> EXERCISE DETAILS: Your answer must consist of every line from the data below that includes the word "Apartamento".

(Caption-style text data)
--
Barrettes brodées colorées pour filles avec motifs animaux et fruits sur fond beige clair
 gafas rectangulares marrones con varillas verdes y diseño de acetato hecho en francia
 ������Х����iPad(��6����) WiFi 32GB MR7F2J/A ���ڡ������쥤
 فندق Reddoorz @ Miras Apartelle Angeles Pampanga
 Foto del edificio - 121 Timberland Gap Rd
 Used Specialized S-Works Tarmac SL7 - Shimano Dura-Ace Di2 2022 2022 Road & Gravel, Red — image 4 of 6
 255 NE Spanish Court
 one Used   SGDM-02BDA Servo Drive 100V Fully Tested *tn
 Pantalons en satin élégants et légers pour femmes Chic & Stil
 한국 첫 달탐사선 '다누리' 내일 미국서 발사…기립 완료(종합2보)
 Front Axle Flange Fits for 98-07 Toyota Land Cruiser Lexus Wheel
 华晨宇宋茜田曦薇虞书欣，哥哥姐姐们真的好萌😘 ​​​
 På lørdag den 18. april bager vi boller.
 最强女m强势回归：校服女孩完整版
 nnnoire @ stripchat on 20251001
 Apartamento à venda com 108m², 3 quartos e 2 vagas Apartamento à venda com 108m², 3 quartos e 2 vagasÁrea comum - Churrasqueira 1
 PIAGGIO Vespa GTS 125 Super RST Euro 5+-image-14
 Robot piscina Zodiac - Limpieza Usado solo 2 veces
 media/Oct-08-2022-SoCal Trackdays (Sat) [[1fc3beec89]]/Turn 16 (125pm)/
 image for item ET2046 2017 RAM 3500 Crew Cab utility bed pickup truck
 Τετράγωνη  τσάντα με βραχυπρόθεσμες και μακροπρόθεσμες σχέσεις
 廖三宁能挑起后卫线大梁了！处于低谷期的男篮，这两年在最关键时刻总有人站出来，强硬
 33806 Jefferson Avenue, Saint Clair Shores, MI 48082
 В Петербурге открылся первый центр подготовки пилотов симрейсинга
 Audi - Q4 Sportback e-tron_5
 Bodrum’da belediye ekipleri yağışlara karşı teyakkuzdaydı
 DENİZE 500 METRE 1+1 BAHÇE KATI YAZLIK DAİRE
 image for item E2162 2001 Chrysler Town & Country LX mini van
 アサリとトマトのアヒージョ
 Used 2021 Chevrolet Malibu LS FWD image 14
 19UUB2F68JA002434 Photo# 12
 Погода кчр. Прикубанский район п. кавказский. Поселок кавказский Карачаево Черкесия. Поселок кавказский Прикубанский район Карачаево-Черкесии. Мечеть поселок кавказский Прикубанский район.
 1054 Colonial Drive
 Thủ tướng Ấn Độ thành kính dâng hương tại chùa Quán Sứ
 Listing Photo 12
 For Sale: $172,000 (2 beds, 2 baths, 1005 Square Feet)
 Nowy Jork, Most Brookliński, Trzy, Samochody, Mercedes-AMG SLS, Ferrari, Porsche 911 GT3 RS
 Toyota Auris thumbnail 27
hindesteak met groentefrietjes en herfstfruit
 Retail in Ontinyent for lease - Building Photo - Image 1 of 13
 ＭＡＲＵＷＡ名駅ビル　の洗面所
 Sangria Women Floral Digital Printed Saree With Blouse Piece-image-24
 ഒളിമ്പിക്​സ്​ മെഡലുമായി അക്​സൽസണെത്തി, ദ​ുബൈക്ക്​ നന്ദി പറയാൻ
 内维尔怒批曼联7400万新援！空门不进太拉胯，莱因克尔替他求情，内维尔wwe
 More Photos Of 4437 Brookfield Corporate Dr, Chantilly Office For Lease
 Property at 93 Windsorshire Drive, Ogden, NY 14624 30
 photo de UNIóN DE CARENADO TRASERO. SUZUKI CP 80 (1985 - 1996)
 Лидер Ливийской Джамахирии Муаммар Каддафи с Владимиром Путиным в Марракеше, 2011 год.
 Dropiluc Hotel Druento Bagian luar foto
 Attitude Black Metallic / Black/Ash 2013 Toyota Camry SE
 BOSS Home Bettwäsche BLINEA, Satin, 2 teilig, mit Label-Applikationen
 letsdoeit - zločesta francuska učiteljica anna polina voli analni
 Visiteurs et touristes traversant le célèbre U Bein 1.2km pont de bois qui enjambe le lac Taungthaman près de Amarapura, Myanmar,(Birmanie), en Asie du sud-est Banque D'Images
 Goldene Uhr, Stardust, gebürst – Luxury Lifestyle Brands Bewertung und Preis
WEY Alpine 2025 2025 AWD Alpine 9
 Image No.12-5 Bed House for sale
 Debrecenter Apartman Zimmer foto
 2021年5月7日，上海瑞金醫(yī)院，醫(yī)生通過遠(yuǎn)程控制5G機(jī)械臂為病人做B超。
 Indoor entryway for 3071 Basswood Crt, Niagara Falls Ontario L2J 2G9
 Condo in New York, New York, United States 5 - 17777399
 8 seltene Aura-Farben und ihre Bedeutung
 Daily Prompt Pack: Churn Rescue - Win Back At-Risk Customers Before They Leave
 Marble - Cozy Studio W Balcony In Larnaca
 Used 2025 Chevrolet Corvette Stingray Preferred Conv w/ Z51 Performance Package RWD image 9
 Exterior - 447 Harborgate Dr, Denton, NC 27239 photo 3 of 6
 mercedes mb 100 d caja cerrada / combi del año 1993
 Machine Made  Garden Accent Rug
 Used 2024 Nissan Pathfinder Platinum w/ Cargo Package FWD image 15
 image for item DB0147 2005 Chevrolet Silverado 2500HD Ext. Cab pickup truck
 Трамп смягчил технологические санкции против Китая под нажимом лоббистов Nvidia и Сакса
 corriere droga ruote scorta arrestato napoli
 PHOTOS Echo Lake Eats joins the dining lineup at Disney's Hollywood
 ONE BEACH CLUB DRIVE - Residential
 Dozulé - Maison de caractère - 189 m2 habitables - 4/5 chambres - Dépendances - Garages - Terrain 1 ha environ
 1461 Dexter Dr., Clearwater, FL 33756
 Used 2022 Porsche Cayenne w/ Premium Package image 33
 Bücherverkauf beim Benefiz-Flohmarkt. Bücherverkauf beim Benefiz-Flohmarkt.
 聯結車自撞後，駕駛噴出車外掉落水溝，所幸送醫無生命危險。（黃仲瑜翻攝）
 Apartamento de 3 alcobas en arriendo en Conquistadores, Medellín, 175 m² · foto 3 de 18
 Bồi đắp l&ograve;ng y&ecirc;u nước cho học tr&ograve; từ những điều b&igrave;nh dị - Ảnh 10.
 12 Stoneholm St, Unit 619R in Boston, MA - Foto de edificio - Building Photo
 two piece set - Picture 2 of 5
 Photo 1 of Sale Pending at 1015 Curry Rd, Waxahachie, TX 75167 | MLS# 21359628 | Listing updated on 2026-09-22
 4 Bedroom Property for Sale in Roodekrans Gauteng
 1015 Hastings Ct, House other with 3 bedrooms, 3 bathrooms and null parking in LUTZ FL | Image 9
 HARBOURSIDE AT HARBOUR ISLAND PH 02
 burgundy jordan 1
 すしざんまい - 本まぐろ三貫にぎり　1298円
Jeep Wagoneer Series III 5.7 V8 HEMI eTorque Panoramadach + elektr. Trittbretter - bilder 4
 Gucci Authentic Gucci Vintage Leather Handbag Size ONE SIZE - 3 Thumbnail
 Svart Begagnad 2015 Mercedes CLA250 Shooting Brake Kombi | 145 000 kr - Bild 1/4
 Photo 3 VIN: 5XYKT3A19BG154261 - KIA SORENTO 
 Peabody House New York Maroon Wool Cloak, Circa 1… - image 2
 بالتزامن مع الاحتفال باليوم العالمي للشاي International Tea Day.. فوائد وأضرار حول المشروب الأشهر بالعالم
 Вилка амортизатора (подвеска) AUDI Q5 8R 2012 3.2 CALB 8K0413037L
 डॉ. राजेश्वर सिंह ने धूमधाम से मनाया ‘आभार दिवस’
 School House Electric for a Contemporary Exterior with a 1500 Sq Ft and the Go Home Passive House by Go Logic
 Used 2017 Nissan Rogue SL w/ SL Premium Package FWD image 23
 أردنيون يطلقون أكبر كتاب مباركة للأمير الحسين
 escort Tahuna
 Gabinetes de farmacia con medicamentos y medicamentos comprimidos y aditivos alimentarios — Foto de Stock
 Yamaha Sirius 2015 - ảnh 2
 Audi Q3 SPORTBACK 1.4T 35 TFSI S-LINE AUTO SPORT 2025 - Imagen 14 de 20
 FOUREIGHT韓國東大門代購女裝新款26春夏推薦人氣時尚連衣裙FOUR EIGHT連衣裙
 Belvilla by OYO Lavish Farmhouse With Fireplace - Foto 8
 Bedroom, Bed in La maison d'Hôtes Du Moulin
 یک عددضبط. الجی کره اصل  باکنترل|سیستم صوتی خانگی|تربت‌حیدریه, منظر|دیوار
--
> FINISHED EXERCISE:
 Apartamento à venda com 108m², 3 quartos e 2 vagas Apartamento à venda com 108m², 3 quartos e 2 vagasÁrea comum - Churrasqueira 1
 Apartamento de 3 alcobas en arriendo en Conquistadores, Medellín, 175 m² · foto 3 de 18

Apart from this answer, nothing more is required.